La foule est impressionnante. Des voitures surmontées de voitures elle même surmontées d’un tambour et d’un percussionniste ouvrent la route devant un cortège d’hommes et de femmes en noir portant le deuil du départ des géantes et se protégeant avec des parapluies eux aussi noirs des larmes de tristesse que déversent des lances à eau montées sur une camionnette. Comme c’est aussi et surtout la fête, des bombes de serpentins explosent ici ou là. Derrière, nos deux géantes foulent les rues genevoises pour la dernière fois sur les rives du lac Léman.

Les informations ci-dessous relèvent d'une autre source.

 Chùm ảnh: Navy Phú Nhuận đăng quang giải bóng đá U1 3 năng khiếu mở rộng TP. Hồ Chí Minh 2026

Arrivées près du jardin anglais, elles rejoignent leur lit pour la dernière procession jusqu’à la rotonde du Mont Blanc où elles mettront fin à leur séjour genevois. les lilliputiens les accompagnent se tenant par l’épaule l’air solennel. LA foule frissonne de voir partir ces deux marionnettes. Les lilliputiens semblent également émus de quitter la ville de Calvin mais sont encouragés par les applaudissements de la foule qui les remercient pour les nombreux efforts fournis durant ces 3 jours. On embarque les deux lits sur deux barges qui prennent la direction du bain des Pâquis où est écrit en lettres géantes le mot Poésie à bon escient. Les deux géantes sur leur lit, escortées par le chevalier du temps (qu’on a eu tendance à oublier durant ce week-end) quittent la rade et disparaissent derrière un écran de fumée mettant fin à leur périple genevois.

Une dame à côté de moi résume le sentiment général à cet instant « elles vont nous manquer, c’est qu’on s’y attacherait presque… »

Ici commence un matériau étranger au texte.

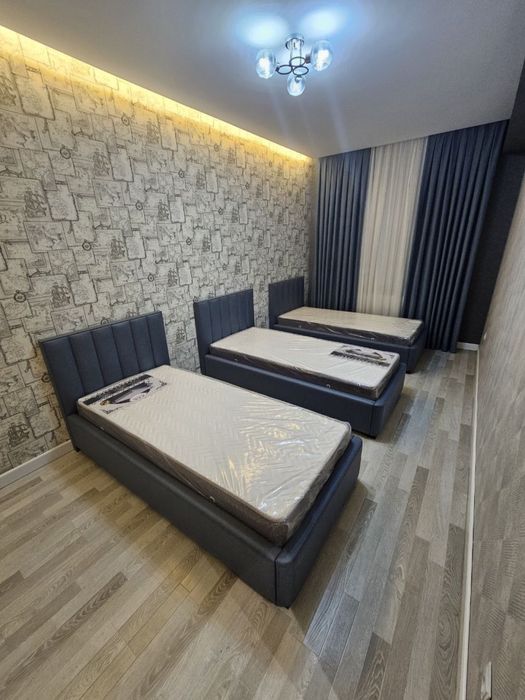 Sifatli krovat va ortopedik matraslari bilan sotuvda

C’était donc le résumé du spectacle auquel j’ai assisté. Mais la force de la saga des géants c’est que chacun a vécu sa propre histoire selon qu’il a partagé dix minutes, une heure, un réveil ou un coucher des géants. Certains ont vu la petite fille seulement debout, d’autres en trottinette, en scooter, conduisant ou assise sur sur le capot d’une voiture. On découvre au détour des photos ou des vidéos que chacun partage avec grand plaisir sur les réseaux sociaux (pour une fois bien utiles) un bout de la vie de chaque géante qu’un tel ou un tel a eu la chance de partager. Un peu comme un album de famille, chacun feuillette avec plaisir les souvenirs des autres car le temps d’un week-end, tous les genevois avaient au moins deux connaissances en commun. Il est impossible de tout voir de ce gigantesque spectacle ne serait ce que parce que les deux géantes empruntent des parcours différents mais peu importe la magie opère. Ce n’est donc pas un spectacle avec un début ou une fin mais juste 2 poupées moitié marionnette moitié humaine qui viennent visiter une ville, son histoire et ses traditions et que l’on prend plaisir à croiser au coin d’une rue et à suivre de longues heures si son emploi du temps le permet.

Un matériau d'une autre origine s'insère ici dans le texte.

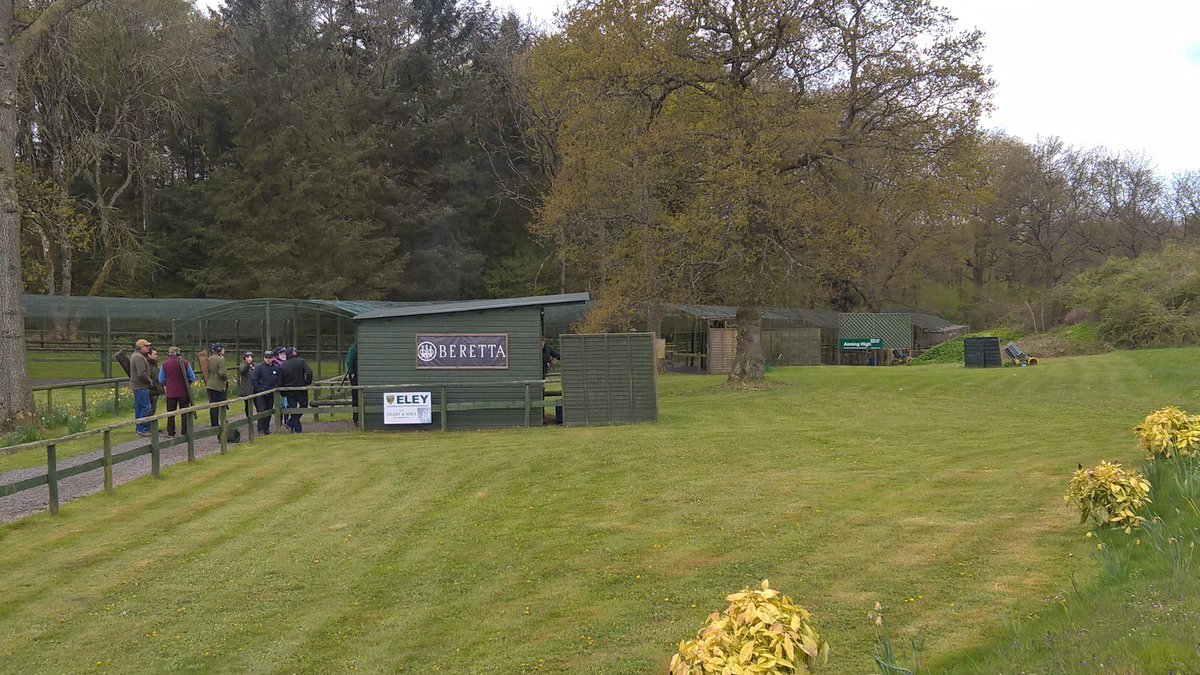 BowlerOakfield's tweet image. An enjoyable morning shooting some clays @ICSporting with @loxleylaw and @HazlewoodsAgri #clays #shooting #sporting #consultancy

Je ne peux donc que vous conseiller d’assister un jour à la balade des géants peu importe l’endroit où elle a lieu. N’oubliez pas d’étudier attentivement leurs parcours afin de deviner où pourrait se produire les différentes animations surprenantes ou originales qui jalonnent la progression des géants. Petit indice, si vous voyez une grue, vous êtes surement au bon endroit. Et si vous croiser un géant par hasard, n’ayez pas peur et suivez le, il vous transportera dans un monde merveilleux. Merci à la compagnie Royal Deluxe pour ses spectacles féeriques!